RECORDS SHOWN =>
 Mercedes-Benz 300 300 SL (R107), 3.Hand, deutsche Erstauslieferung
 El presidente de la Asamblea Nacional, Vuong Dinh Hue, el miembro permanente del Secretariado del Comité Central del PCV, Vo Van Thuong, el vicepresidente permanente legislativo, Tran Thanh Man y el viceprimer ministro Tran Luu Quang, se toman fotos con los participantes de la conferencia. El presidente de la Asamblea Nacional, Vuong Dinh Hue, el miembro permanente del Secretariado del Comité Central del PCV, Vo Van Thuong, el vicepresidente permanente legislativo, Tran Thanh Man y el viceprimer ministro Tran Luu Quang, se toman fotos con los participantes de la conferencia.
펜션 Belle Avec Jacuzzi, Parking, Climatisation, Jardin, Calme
==
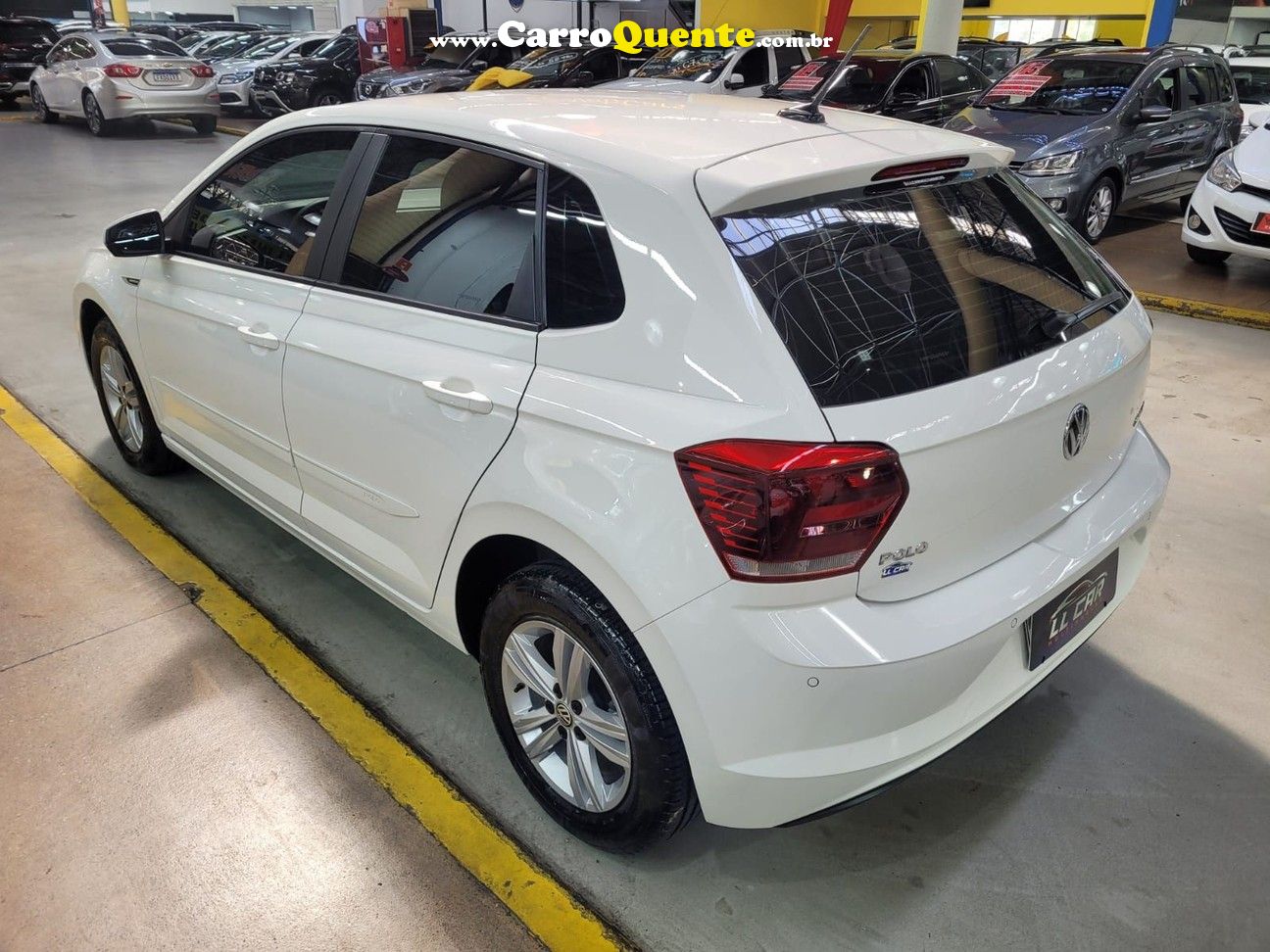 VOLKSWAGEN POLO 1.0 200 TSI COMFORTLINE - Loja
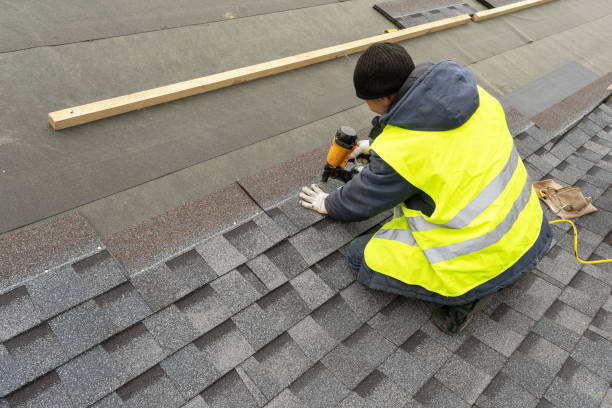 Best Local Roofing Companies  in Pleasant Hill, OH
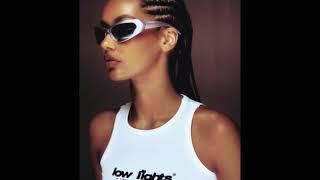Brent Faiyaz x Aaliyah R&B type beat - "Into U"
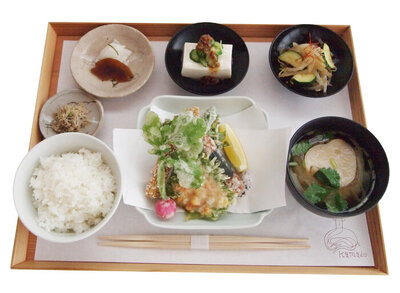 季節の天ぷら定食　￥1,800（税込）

WORK ITEM =>
Print the line above containing "Brent Faiyaz x", the line containing "季節の天ぷら定食　￥1,800（税込）", and everything between them, exactly as written. Pictures stay out.

THE ANSWER =>
Brent Faiyaz x Aaliyah R&B type beat - "Into U"
 季節の天ぷら定食　￥1,800（税込）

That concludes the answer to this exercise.